Education, health care and spending are perennial issues, and the state’s right-to-work status is also seen in danger if Democrats win control of the General Assembly. Some analysts consider the election a referendum on President Trump.
But the ads on other issues could indicate that the shooting rampage in late May isn’t resonating as well as gun control activists had hoped.
One Republican campaign official said polling backs up that theory.
The Virginia Beach shooting didn’t move the needle at all, the Republican strategist said. The August shootings in El Paso, Texas, and Dayton, Ohio, did cause a spike in interest, but it’s not clear they are producing any new voters.
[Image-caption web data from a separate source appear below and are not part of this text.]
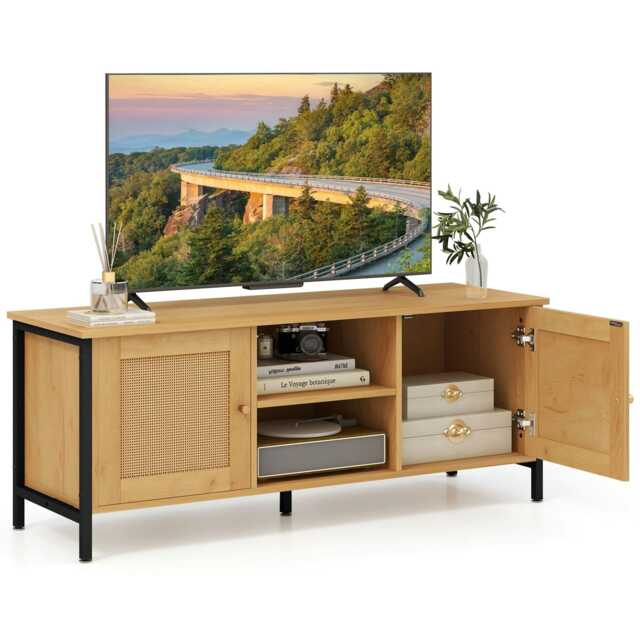 COSTWAY Boho TV Stand for 55 Inches Entertainment Center Yellow Yellow 1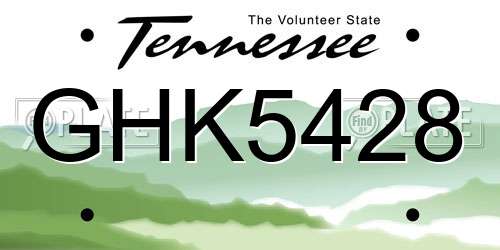 GHK5428 Tennessee License Plate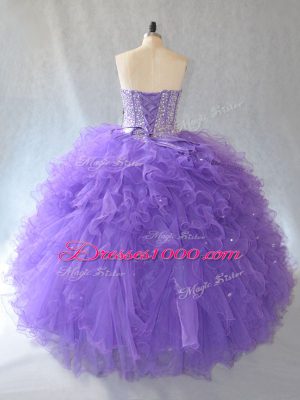 Tulle Sweetheart Sleeveless Lace Up Beading and Ruffles and Sequins Quinceanera Gown in Lavender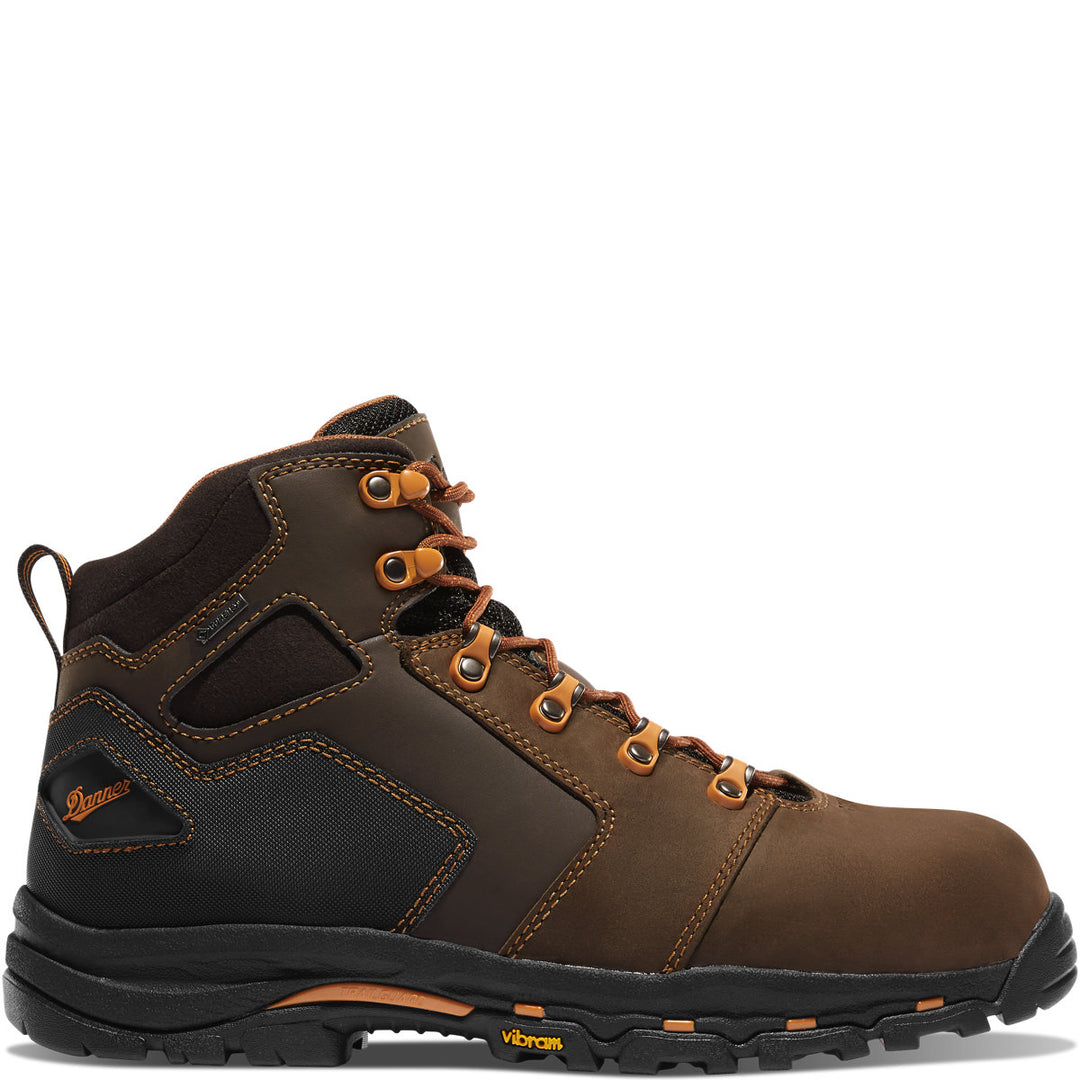 A brown and orange men's work boot with lace-up closure and a composite toe. It features a Vibram outsole and is designed for indoor and outdoor use.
Instead, the shootings resonated with Democrats already poised to vote, the official said.
Everytown for Gun Safety has polling from over the summer in the three big population centers in Virginia that suggests otherwise. They found that when voters are told that Republicans oppose red flag laws to take guns from the hands of those deemed dangerous, it drew the largest — and negative — reaction of any issue tested.
“Put another way, the issue of gun violence and policies to address gun violence are top-of-mind for likely November 2019 Virginia General Assembly voters in swing districts throughout the state,” the group’s pollster concluded.
Mr. Crump, the Gun Owners of America official, said he sees the attention on gun control benefiting his side.
“The more that they campaign on anti-gun politics, I think the more it’s going to encourage pro-gun people in the state to get out and vote,” he said.